Distillation of Indistinguishable Photons

TL;DR

This paper introduces a linear optics protocol inspired by magic state distillation to enhance the indistinguishability of photon sources, crucial for quantum computing and Boson sampling, demonstrating robustness to practical errors.

Contribution

It presents a novel distillation protocol that improves photon indistinguishability with quantifiable resource scaling and robustness to experimental imperfections.

Findings

Protocol achieves arbitrary indistinguishability accuracy

Resource scaling is quadratic in error reduction

Scheme is robust to detection and control errors

Abstract

A reliable source of identical (indistinguishable) photons is a prerequisite for exploiting interference effects, which is a necessary component for linear optical based quantum computing, and applications thereof such as Boson sampling.

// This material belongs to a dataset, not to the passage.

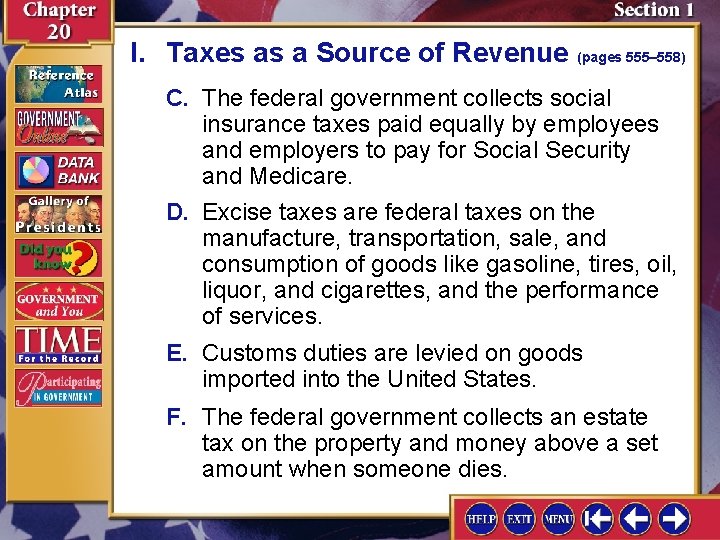 I. Taxes as a Source of Revenue (pages 555– 558) C. The federal government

Generally speaking, the degree of distinguishability will determine the efficacy of the particular approach, for example by limiting the fidelity of constructed resource states, or reducing the complexity of an optical circuits output distribution. It is therefore of great practical relevance to engineer heralded sources of highly pure and indistinguishable photons. Inspired by magic state distillation, we present a protocol using standard linear optics which can be used to increase the indistinguishability of a photon source, to arbitrary accuracy. In particular, in the asymptotic limit of small error $\epsilon$, to reduce the error to $\epsilon' < \epsilon$ requires $O((\epsilon/\epsilon')^2)$ photons. We demonstrate the scheme is robust to detection and control errors in the optical components, and discuss the effect of other error sources.